# [Directions for this task]
Each line below must be printed exactly as it stands.

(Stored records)
□ □ □ □

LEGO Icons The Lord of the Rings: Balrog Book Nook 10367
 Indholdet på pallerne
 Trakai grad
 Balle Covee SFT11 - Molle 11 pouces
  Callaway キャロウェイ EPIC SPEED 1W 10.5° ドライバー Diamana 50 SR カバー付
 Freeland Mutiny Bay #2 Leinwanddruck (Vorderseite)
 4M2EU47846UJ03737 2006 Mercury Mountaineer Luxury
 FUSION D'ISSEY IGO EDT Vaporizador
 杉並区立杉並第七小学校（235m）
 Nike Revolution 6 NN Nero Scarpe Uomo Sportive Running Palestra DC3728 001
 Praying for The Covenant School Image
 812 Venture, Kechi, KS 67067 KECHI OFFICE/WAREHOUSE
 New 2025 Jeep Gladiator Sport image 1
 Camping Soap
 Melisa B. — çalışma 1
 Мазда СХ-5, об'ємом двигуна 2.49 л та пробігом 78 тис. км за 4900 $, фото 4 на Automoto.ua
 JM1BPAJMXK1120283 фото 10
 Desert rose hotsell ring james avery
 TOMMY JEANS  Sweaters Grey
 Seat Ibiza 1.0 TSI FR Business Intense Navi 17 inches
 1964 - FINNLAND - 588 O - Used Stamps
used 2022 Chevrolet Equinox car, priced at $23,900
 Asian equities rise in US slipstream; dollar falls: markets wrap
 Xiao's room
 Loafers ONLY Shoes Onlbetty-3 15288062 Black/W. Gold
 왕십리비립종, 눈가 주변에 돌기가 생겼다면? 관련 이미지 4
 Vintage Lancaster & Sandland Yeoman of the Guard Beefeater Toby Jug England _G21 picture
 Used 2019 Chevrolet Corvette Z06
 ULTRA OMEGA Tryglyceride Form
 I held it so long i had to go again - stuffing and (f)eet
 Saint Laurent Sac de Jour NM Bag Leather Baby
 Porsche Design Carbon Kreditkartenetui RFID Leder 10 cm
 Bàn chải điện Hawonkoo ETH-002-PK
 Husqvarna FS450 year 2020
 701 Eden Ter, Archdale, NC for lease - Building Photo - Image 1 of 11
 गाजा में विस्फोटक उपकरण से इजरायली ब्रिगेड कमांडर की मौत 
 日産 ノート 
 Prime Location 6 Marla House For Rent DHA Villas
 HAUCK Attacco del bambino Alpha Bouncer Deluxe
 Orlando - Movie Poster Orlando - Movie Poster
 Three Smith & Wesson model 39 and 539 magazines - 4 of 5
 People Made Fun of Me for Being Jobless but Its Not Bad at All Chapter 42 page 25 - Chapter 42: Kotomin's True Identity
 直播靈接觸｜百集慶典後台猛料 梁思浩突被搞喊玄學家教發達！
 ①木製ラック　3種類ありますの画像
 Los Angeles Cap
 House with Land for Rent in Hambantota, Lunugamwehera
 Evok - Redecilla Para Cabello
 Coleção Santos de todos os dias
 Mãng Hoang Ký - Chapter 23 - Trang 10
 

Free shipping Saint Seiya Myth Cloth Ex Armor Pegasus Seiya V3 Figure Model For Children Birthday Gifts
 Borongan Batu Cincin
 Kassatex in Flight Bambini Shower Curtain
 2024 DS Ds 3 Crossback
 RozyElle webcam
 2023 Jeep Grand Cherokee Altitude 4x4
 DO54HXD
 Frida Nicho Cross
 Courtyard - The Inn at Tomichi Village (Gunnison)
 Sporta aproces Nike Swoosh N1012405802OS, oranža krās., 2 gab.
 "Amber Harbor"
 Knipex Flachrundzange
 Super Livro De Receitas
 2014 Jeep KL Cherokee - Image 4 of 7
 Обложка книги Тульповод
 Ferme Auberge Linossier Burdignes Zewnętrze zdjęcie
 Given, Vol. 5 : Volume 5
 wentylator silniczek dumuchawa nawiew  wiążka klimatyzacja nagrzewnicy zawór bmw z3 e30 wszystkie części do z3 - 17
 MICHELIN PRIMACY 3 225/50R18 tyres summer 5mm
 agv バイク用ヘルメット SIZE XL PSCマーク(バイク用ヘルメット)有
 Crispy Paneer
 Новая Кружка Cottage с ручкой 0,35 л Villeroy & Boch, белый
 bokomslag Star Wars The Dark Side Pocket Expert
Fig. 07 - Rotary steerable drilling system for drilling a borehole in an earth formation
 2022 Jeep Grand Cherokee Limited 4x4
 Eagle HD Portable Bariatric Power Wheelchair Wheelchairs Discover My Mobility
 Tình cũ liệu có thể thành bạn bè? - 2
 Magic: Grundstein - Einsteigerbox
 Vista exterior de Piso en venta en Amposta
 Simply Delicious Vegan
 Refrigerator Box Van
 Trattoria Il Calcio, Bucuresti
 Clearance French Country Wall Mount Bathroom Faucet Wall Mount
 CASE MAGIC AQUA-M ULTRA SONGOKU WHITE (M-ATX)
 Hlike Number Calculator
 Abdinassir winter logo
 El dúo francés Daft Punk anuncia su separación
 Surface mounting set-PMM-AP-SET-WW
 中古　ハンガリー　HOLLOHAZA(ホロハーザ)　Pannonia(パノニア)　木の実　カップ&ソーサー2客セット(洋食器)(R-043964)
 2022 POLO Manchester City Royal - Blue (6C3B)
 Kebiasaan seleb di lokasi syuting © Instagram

□ □ □ □

# [Answer space]
LEGO Icons The Lord of the Rings: Balrog Book Nook 10367
 Indholdet på pallerne
 Trakai grad
 Balle Covee SFT11 - Molle 11 pouces
  Callaway キャロウェイ EPIC SPEED 1W 10.5° ドライバー Diamana 50 SR カバー付
 Freeland Mutiny Bay #2 Leinwanddruck (Vorderseite)
 4M2EU47846UJ03737 2006 Mercury Mountaineer Luxury
 FUSION D'ISSEY IGO EDT Vaporizador
 杉並区立杉並第七小学校（235m）
 Nike Revolution 6 NN Nero Scarpe Uomo Sportive Running Palestra DC3728 001
 Praying for The Covenant School Image
 812 Venture, Kechi, KS 67067 KECHI OFFICE/WAREHOUSE
 New 2025 Jeep Gladiator Sport image 1
 Camping Soap
 Melisa B. — çalışma 1
 Мазда СХ-5, об'ємом двигуна 2.49 л та пробігом 78 тис. км за 4900 $, фото 4 на Automoto.ua
 JM1BPAJMXK1120283 фото 10
 Desert rose hotsell ring james avery
 TOMMY JEANS  Sweaters Grey
 Seat Ibiza 1.0 TSI FR Business Intense Navi 17 inches
 1964 - FINNLAND - 588 O - Used Stamps
used 2022 Chevrolet Equinox car, priced at $23,900
 Asian equities rise in US slipstream; dollar falls: markets wrap
 Xiao's room
 Loafers ONLY Shoes Onlbetty-3 15288062 Black/W. Gold
 왕십리비립종, 눈가 주변에 돌기가 생겼다면? 관련 이미지 4
 Vintage Lancaster & Sandland Yeoman of the Guard Beefeater Toby Jug England _G21 picture
 Used 2019 Chevrolet Corvette Z06
 ULTRA OMEGA Tryglyceride Form
 I held it so long i had to go again - stuffing and (f)eet
 Saint Laurent Sac de Jour NM Bag Leather Baby
 Porsche Design Carbon Kreditkartenetui RFID Leder 10 cm
 Bàn chải điện Hawonkoo ETH-002-PK
 Husqvarna FS450 year 2020
 701 Eden Ter, Archdale, NC for lease - Building Photo - Image 1 of 11
 गाजा में विस्फोटक उपकरण से इजरायली ब्रिगेड कमांडर की मौत 
 日産 ノート 
 Prime Location 6 Marla House For Rent DHA Villas
 HAUCK Attacco del bambino Alpha Bouncer Deluxe
 Orlando - Movie Poster Orlando - Movie Poster
 Three Smith & Wesson model 39 and 539 magazines - 4 of 5
 People Made Fun of Me for Being Jobless but Its Not Bad at All Chapter 42 page 25 - Chapter 42: Kotomin's True Identity
 直播靈接觸｜百集慶典後台猛料 梁思浩突被搞喊玄學家教發達！
 ①木製ラック　3種類ありますの画像
 Los Angeles Cap
 House with Land for Rent in Hambantota, Lunugamwehera
 Evok - Redecilla Para Cabello
 Coleção Santos de todos os dias
 Mãng Hoang Ký - Chapter 23 - Trang 10
 

Free shipping Saint Seiya Myth Cloth Ex Armor Pegasus Seiya V3 Figure Model For Children Birthday Gifts
 Borongan Batu Cincin
 Kassatex in Flight Bambini Shower Curtain
 2024 DS Ds 3 Crossback
 RozyElle webcam
 2023 Jeep Grand Cherokee Altitude 4x4
 DO54HXD
 Frida Nicho Cross
 Courtyard - The Inn at Tomichi Village (Gunnison)
 Sporta aproces Nike Swoosh N1012405802OS, oranža krās., 2 gab.
 "Amber Harbor"
 Knipex Flachrundzange
 Super Livro De Receitas
 2014 Jeep KL Cherokee - Image 4 of 7
 Обложка книги Тульповод
 Ferme Auberge Linossier Burdignes Zewnętrze zdjęcie
 Given, Vol. 5 : Volume 5
 wentylator silniczek dumuchawa nawiew  wiążka klimatyzacja nagrzewnicy zawór bmw z3 e30 wszystkie części do z3 - 17
 MICHELIN PRIMACY 3 225/50R18 tyres summer 5mm
 agv バイク用ヘルメット SIZE XL PSCマーク(バイク用ヘルメット)有
 Crispy Paneer
 Новая Кружка Cottage с ручкой 0,35 л Villeroy & Boch, белый
 bokomslag Star Wars The Dark Side Pocket Expert
Fig. 07 - Rotary steerable drilling system for drilling a borehole in an earth formation
 2022 Jeep Grand Cherokee Limited 4x4
 Eagle HD Portable Bariatric Power Wheelchair Wheelchairs Discover My Mobility
 Tình cũ liệu có thể thành bạn bè? - 2
 Magic: Grundstein - Einsteigerbox
 Vista exterior de Piso en venta en Amposta
 Simply Delicious Vegan
 Refrigerator Box Van
 Trattoria Il Calcio, Bucuresti
 Clearance French Country Wall Mount Bathroom Faucet Wall Mount
 CASE MAGIC AQUA-M ULTRA SONGOKU WHITE (M-ATX)
 Hlike Number Calculator
 Abdinassir winter logo
 El dúo francés Daft Punk anuncia su separación
 Surface mounting set-PMM-AP-SET-WW
 中古　ハンガリー　HOLLOHAZA(ホロハーザ)　Pannonia(パノニア)　木の実　カップ&ソーサー2客セット(洋食器)(R-043964)
 2022 POLO Manchester City Royal - Blue (6C3B)
 Kebiasaan seleb di lokasi syuting © Instagram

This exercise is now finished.